GREP Locating target letters in identical positions

I have a file with lines containing pairs of letter strings such as

ABXF\\CDYG

and a pair of target letters, for example X and Y (the target letters may vary). I would like to locate all the lines where the target letters are in the same position (in this example, both are in position 3 of their respective letter strings). The locations could be anywhere, include at the very first, or at the very last position. The two letter strings always have the same length.
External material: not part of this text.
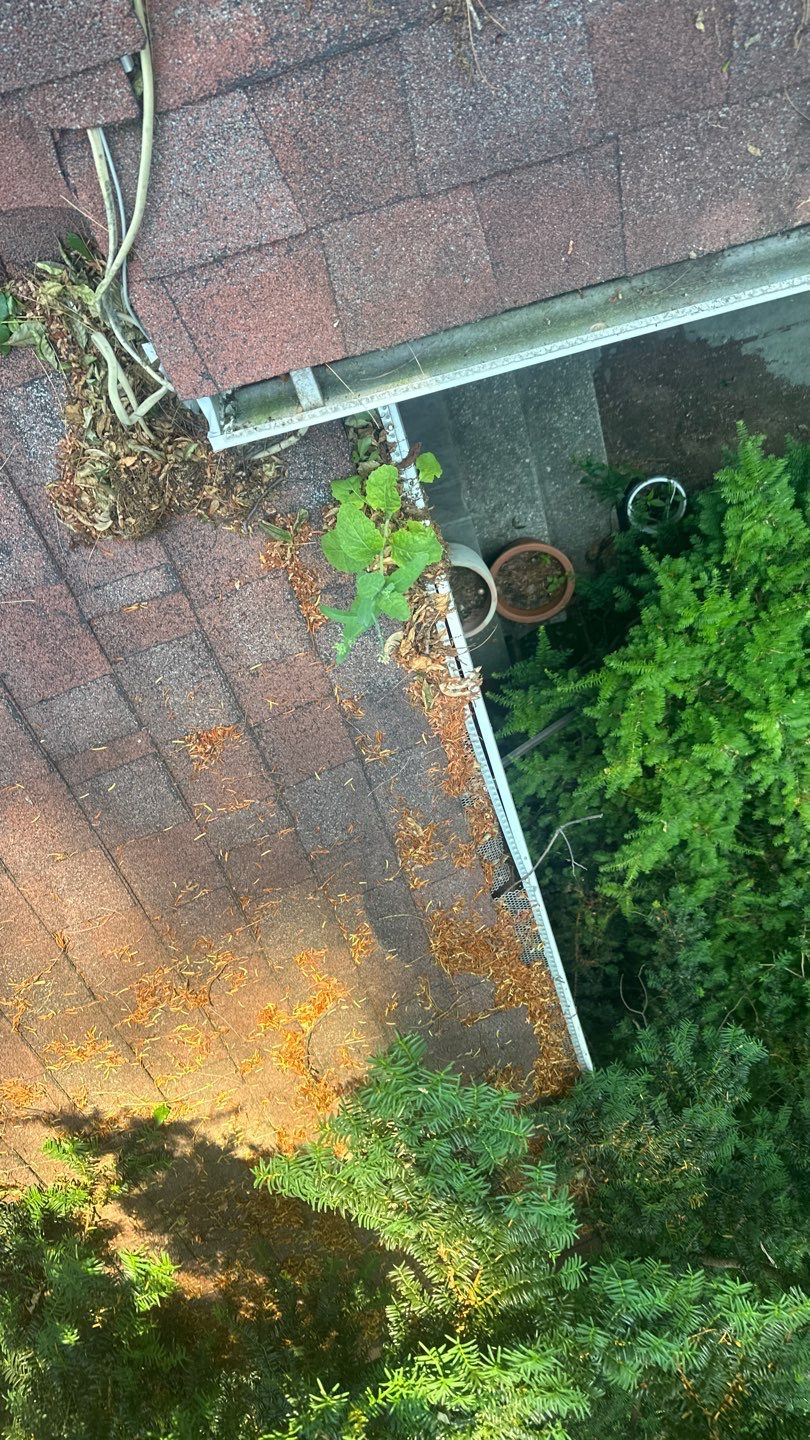 Very overdue gutter cleaning and screening by Above All Gutters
How could I do such a search with regular expressions? (here the Perl grep).

Solution

If that's okay with you, here's a shellscript that might do the job.

#! /bin/sh

Target="${1:?missing target letters}"

File="${2:?missing input filename}"

Previous=''

test "${#Target}" -eq 2   ||   { echo 'please provide two target letters'; exit 1; }

test -r "$File"   ||   { echo "cannot find file \"$File\""; exit 1; }  
  
grep -n -b -o -e "${Target%?}\\|${Target#?}" "$File" \
  | while read -r Line
    do    if test "${Line%%:*}" != "${Previous%%:*}"
             then Previous="$Line"
          else
             printf '%s:%s\n' "$Previous" "$Line" \
               | { IFS=':' read -r Line Pos1 Char1 _ Pos2 Char2
                   test "$(( Pos1 == Pos2 - 6))" -eq 1 \
                     && test "$Char1" != "$Char2"      \
                     && echo "match at line $Line"
                 }
             Previous=''
          fi
    done

Based on the following input data:

ABXF\\CDYG
ZETX\\FCBA
XHCB\\YEIH
BYCT\\ABCD
CYTZ\\AXVH
ABXZ\\CDXV

when you invoke the script like this:

./scriptname XY INPUTFILE

it produces this output:

match at line 1
match at line 3
match at line 5

Explanation

The script uses the -o -b and -n grep options.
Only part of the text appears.